* Instructions to follow
Omitting all images, transcribe the listing word for word.

* Collected material
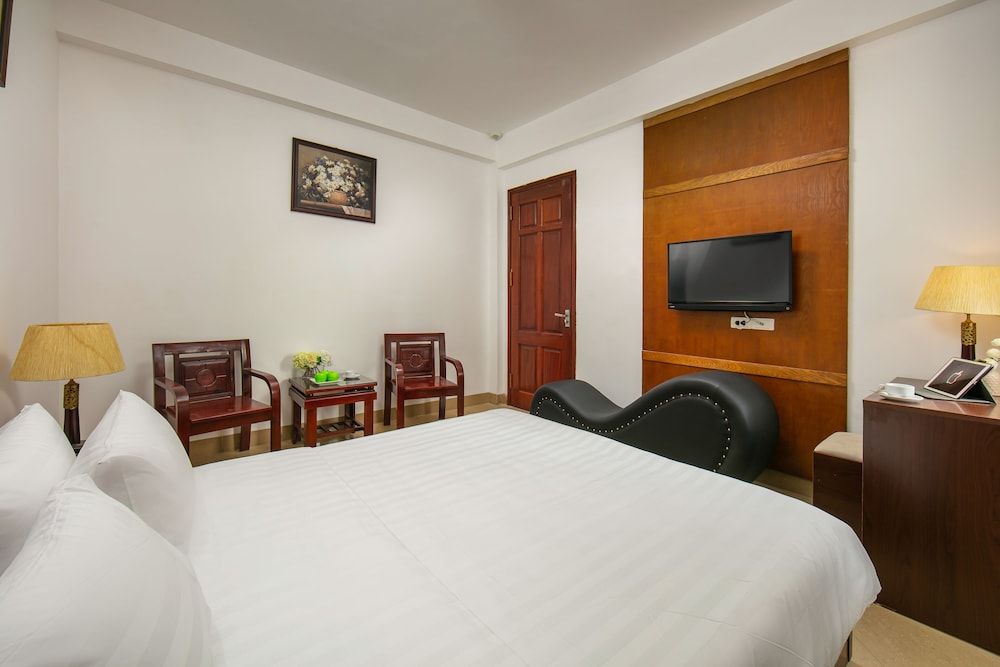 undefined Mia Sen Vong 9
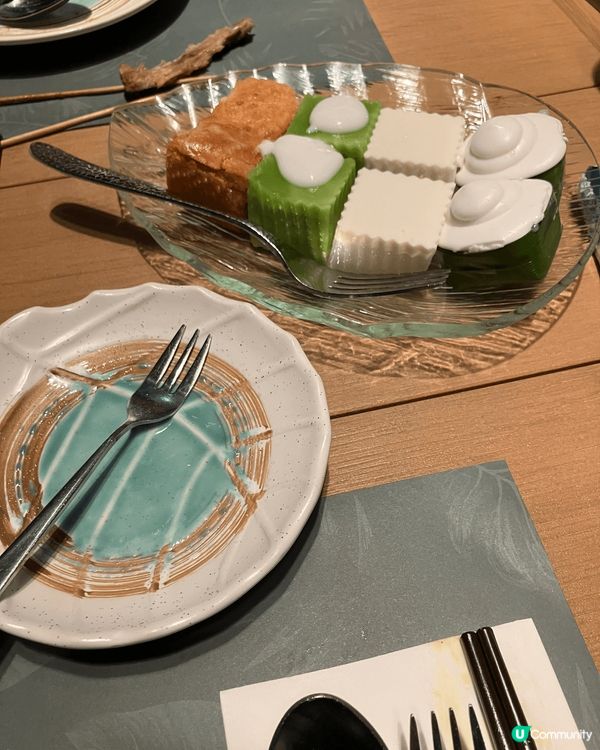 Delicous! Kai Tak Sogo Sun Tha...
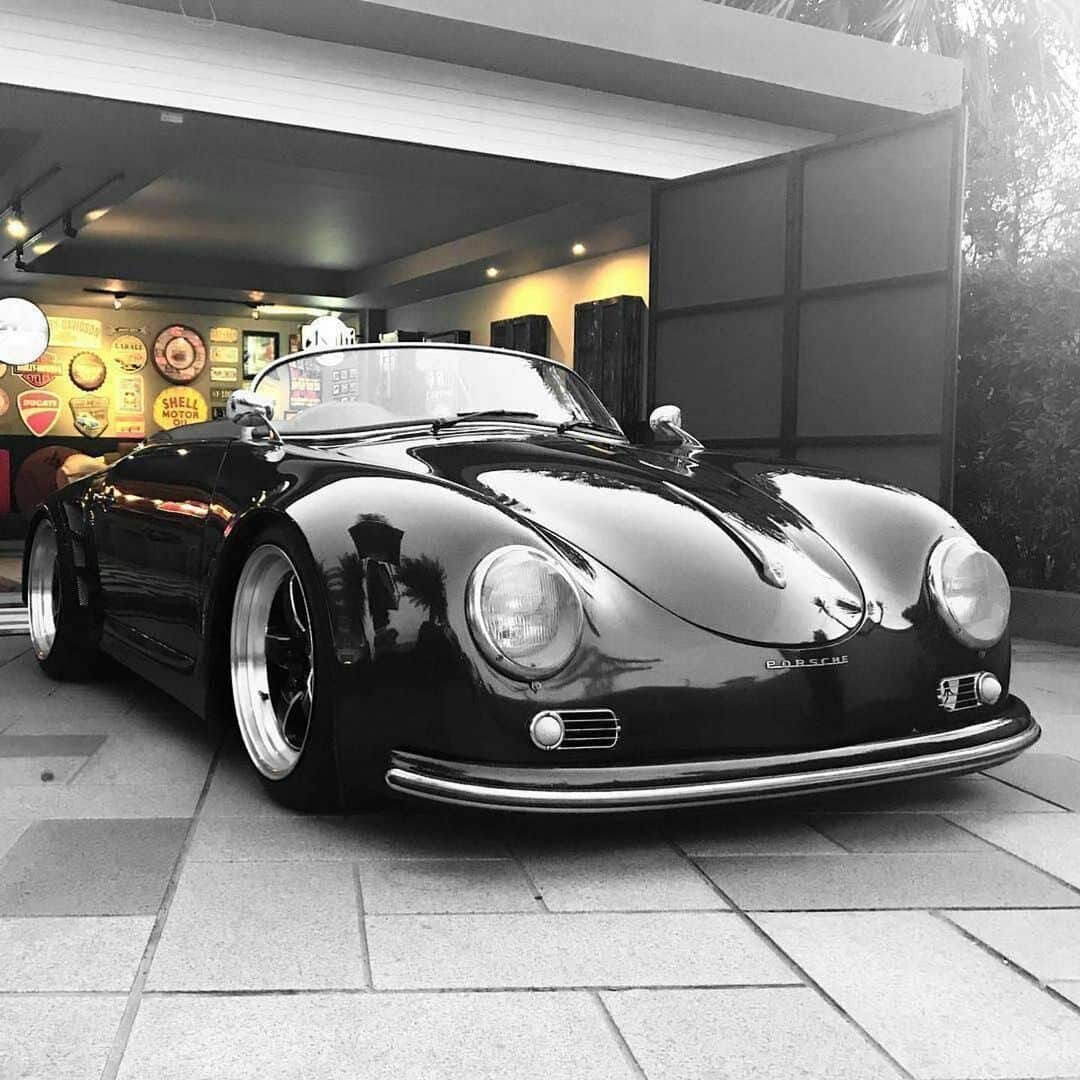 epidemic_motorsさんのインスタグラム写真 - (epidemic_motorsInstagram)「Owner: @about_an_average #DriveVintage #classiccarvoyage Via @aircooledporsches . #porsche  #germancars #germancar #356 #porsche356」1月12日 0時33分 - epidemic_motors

* Expected answer
 undefined Mia Sen Vong 9
 Delicous! Kai Tak Sogo Sun Tha...
 epidemic_motorsさんのインスタグラム写真 - (epidemic_motorsInstagram)「Owner: @about_an_average #DriveVintage #classiccarvoyage Via @aircooledporsches . #porsche  #germancars #germancar #356 #porsche356」1月12日 0時33分 - epidemic_motors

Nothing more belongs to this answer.